Oops - We're at different sides of the telescope, @ThomasK !

*Prif gwrs *= Main course
*Plât ochr* = Side plate

I probably didn't explain clearly enough. _Mea culpa!_


----------



## ThomasK

Sorry, my mistake! But can you somehow semantically associate "side/ minor/..." with "sharp"? Thin perhaps?


----------



## Welsh_Sion

Thought I'd done so:

*ochr* 'side' < Celtic < PIE *okri- 'sharp.

See Geiriadur Prifysgol Cymru )GPC)

Geiriadur Prifysgol Cymru


----------



## ThomasK

ThomasK said:


> Prefix *«αρχι-»* [ar.çi-] comes form the v. *«άρχω»* [ˈar.xɔ] --> _to lead, rule, exercise power, ɡovern_ < Classical v. *«ἄρχω» ắrkʰō* --> _to be the first, beɡin, rule_, from a possible IE root *h₂r-ske/o- _to start, rule_ with possible coɡnate the Arm. արքայ (arkʿay), _kinɡ, monarch_.



I suddenly thought of something: in Dutch we have this suffix too in two ways...

- *aarts*, as in English _*arch- before N*_: for indeed, the highest --- or maybe the main:
the _aartsbisschop_, the archbishop (often in religious contexts, I think), but also aartsrival, archrival literally, but even aartsschurk, archrogue/ arch scoundrel
- *aarts *or until some time ago in my dialect *archi(e*)-  *with ADJ*ectives, turning into a superlative:
_aartslui_, (extremely lazy), _archislecht _(the only in standardlanguage), "_arch_-bad", very bad, maybe archi-lui, very lazy, but  certainly (very uncommon now)

However, in both cases but especially in the first, _arch(i) _does mean "main", but there is never a _side_-, a _by_- around, I think. No one would think of a bishop as a "side-bishop" ;-) of the archbishop.
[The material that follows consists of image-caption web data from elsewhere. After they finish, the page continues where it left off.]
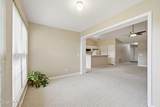 2207 Locksley Woods Drive - Photo 3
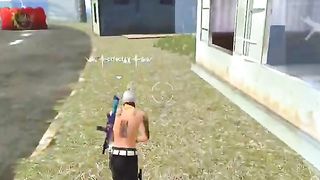 #freefire #FreeFirePakistan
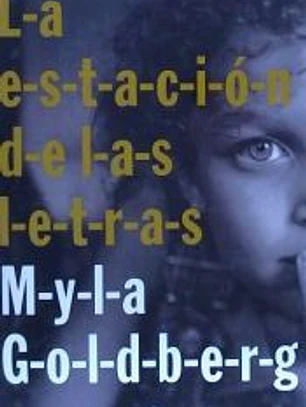 LA ESTACION DE LAS LETRAS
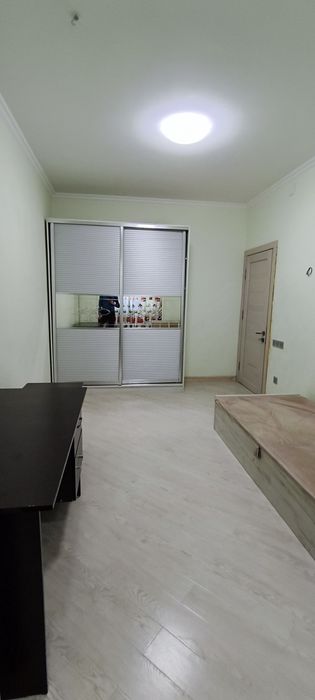 Срочно сдается в аренду Госпиталка 4/4/9 евро ремонт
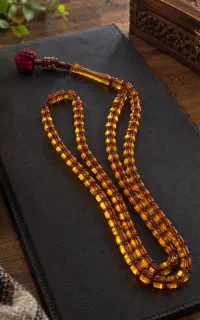 تسبیح سندلوس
No, arch- simply refers to his (her) supreme status... I think this is _plain vs. super or hyper-._.. But I'll turn that into a separate thread...


----------



## Awwal12

No compound elements with that semantic in Russian.
"Main" is, essentially, "head" ("glávnyi"; cf. "glavá" - poet./elev. "head", from Ch. Sl.; "golová" - "head").
"Side" is ~"to the side (of a body)", adj. "pobóchnyi" (from "bók" - a side, normally of a body; cf. "storoná" - a side in general).


----------



## apmoy70

In Greek _side_ in compounds is defined with the usage of the prefix *«παρα-»* [paˈɾa-] as first element.
-Prefix *«παρα-»* < Classical preposition *«παρά» părắ*, eg:
*«Παράδρομος»* [paˈɾa.ðrɔ.mɔs] (masc.) --> _sideway, byway, byroad_.


----------



## Welsh_Sion

*English prefixes:*

mega-, arch- (/a:ts/), hyper-, super-

*Welsh prefixes:*

arch- /arX-), en-, prif-

We are going towards, 'main/principal/chief'  >>> 'large(r)', now


----------



## ThomasK

Welsh_Sion said:


> *English prefixes:*
> mega-, arch- (/a:ts/), hyper-, super-
> 
> *Welsh prefixes:*
> arch- /arX-), en-, prif-


 It does look as if we mainly use prefixes to renner this distinction, which are of course often grammaticalised words ('hoofd'/ head in Dutch has turned into some kind of  prefix; we no longer think of heads...). But do we always? 



Welsh_Sion said:


> We are going towards, 'main/principal/chief'  >>> 'large(r)', now


 Could you illustrate that?


----------



## Welsh_Sion

*Cymraeg/Welsh

ysgol *'school'  > *prifysgol *'main/chief/primary (!) school' = 'university'
*athrawes* 'female teacher'* > prifathrawes* = 'headmistress'

*derwydd *'druid' > *archdderwydd *= 'archdruid'
*angel *'angel' >* archangel *= 'archangel'
*marchnad* 'market' > *archfarchnad* = 'supermarket' (A 20th century neologism)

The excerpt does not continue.